A forgotten recipe that appeals to children is 1x can sweetened condensed milk, and malt vinegar with english mustard. It appeals to me too, as it happens.


----------



## kona (Mar 5, 2006)

thank you....I cut the cream cheese some and am tryin that 
I just cant leave the poppyseed dressing out of refrigeration
so am still workin at that....thanks again


----------



## cliveb (Mar 16, 2005)

What does your poppyseed dressing contain? I tried one last week with olive oil, orange marmalade, the juice AND zest of an orange, salt, pepper, mustard and black poppyseeds. It has been OUT of the fridge for a week, Ive just tried it, and it's fine. Probably the acid, mustard and salt which are keeping it intact!


----------



## kona (Mar 5, 2006)

minced onion, dry mustard, salt, sugar, cider vinegar, olive oil, bout it


----------



## chef mike (Apr 11, 2005)

on the Feta dressing: I'm inclined to suspect that it's setting up like creme fraiche. At any rate, just thin it down with whatever appeals to you.

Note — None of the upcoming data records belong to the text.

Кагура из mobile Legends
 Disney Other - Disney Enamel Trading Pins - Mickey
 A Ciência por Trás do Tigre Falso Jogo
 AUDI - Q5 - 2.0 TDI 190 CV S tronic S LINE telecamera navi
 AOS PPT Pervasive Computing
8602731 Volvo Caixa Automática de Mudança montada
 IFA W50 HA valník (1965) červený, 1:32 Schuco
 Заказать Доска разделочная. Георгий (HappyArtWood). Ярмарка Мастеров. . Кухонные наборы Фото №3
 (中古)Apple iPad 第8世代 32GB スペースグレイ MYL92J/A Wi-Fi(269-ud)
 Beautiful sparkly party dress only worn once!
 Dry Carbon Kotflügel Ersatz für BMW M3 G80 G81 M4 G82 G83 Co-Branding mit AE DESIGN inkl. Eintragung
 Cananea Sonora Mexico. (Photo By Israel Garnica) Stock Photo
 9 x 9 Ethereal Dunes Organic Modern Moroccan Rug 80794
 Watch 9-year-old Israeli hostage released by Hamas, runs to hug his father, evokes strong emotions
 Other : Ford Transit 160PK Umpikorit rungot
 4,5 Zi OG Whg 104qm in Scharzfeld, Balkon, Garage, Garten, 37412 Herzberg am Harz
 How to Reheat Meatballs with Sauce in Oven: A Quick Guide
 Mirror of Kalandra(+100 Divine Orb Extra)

I've learned to use gums (xanthan, arabic, tragacanth, etc) to thicken or emulsify marinades and dressings. A little goes a long ways. They don't add flavor or calories, and can be very usefull for vegan preparations- like eggless aioli.
They say it acts like a gluten builder for breads, though I've never tried it- gave up on trying to please the Atkins fanatics.

If ya make your own Ranch, it is a big help for adding body, and avoiding separation
I've just discovered TIC Gums- back east- can't remember what state, just found it online. I'm using it and it's the best I've ever found- they have one called the Saladizer, which is pre-hydrolized (whatever that means). It mixes up a lot easier, doesn't clump or have to be pre-dissolved in oil.

They're real nice folks, too.


----------